L’action Solutions 30 s’effondre à la Bourse de Paris
Sans surprise après les annonces de la société vendredi 21 mai puis hier dimanche 23 mai, l’action Solutions 30 était incotable ce lundi matin à la Bourse de Paris, réservée à la baisse, pour sa reprise de cotation après deux semaines de suspension. Après un peu plus d’une heure de suspension, l’action a ouvert à 3,02 euros, en chute de 70%. Après être remonté à 4 euros, le cours est retombé vers 2,83 euros à la mi-séance. Elle a fini la journée sur une chute de 70,62% à 3,05 euros, dans d'énormes volumes : l'équivalent d’un tiers du capital a changé de mains.
Solutions 30 a révélé dimanche les raisons pour lesquelles EY Luxembourg, son réviseur d’entreprise (commissaire aux comptes), n’a pas souhaité rendre d’opinion sur ses comptes consolidés 2020.
« Nous n’avons pas pu recueillir des éléments probants suffisants et appropriés justifiant la nature, la substance, la valeur et la conformité avec les lois et règlements de certaines transactions réalisées par le groupe et déterminer si ces transactions ont été conclues avec des parties liées y compris les membres de la direction », explique EY Luxembourg dans un rapport que Solutions 30 dit avoir reçu ce week-end et mis en ligne ce dimanche.
Le cabinet d’audit ajoute que « le groupe n’a pas donné suite à (ses) demandes de diligences complémentaires en lien avec les travaux d’investigation diligentés par le conseil de surveillance ».
Selon EY, « les incidences éventuelles sur les états financiers consolidés d’anomalies non détectées pourraient être à la fois significatives et avoir un caractère diffus. Par conséquent, nous n’avons pas été en mesure de déterminer si des ajustements significatifs auraient pu, le cas échéant, s’avérer nécessaires sur les états financiers consolidés du groupe au 31 décembre 2020 ».
Vendredi, la direction de Solutions 30 avait dit ne pas connaître les raisons expliquant la décision d’EY qui lui avait été signifiée le 20 mai.
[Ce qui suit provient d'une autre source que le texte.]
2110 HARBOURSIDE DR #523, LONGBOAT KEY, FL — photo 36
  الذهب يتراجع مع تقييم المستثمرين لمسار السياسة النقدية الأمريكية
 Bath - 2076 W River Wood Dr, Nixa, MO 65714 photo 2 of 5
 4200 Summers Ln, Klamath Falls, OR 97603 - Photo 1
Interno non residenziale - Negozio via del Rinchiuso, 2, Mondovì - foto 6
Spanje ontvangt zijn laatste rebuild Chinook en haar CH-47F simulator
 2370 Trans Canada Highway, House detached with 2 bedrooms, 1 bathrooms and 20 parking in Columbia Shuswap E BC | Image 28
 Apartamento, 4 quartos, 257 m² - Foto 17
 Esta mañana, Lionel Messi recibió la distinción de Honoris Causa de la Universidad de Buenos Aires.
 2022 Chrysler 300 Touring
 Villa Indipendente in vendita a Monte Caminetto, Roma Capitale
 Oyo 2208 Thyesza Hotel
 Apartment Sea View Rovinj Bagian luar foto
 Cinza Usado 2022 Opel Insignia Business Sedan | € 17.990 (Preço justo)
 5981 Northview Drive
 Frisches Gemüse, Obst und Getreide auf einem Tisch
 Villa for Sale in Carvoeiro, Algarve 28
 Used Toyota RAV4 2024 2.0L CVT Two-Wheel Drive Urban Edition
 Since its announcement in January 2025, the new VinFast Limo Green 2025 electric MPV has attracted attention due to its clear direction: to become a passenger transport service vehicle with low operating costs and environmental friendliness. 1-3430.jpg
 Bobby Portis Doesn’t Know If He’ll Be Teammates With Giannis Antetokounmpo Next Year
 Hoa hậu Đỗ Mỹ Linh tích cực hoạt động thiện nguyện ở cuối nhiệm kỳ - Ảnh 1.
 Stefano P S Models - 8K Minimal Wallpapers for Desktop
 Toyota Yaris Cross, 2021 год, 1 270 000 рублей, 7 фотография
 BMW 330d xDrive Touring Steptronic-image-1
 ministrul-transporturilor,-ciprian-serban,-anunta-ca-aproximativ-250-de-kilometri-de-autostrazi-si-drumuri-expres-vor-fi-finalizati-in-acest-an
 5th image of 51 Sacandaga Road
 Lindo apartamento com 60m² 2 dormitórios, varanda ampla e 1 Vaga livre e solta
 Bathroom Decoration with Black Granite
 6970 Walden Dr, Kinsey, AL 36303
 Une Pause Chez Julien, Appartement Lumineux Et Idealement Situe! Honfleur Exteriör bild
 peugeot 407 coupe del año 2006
EY Luxembourg avait déclaré quelques heures plus tard « que les déclarations contenues dans le communiqué de Solutions 30 reflètent les affirmations de la société, et non celles d’EY ».
« Profond désaccord »
Dans un communiqué publié ce dimanche, Solutions 30 se dit « en profond désaccord avec les fondements exprimés par EY », assurant que « ses équipes ont répondu avec diligence aux demandes de documents et d’information du réviseur d’entreprises et ont communiqué l’intégralité des éléments dont dispose le groupe ». La société rappelle que les honoraires du réviseur d’entreprises, d’un montant de 2,4 millions d’euros, ont augmenté de plus de 30% par rapport à 2019, année de transition aux normes IFRS qui avait nécessité un audit d’EY.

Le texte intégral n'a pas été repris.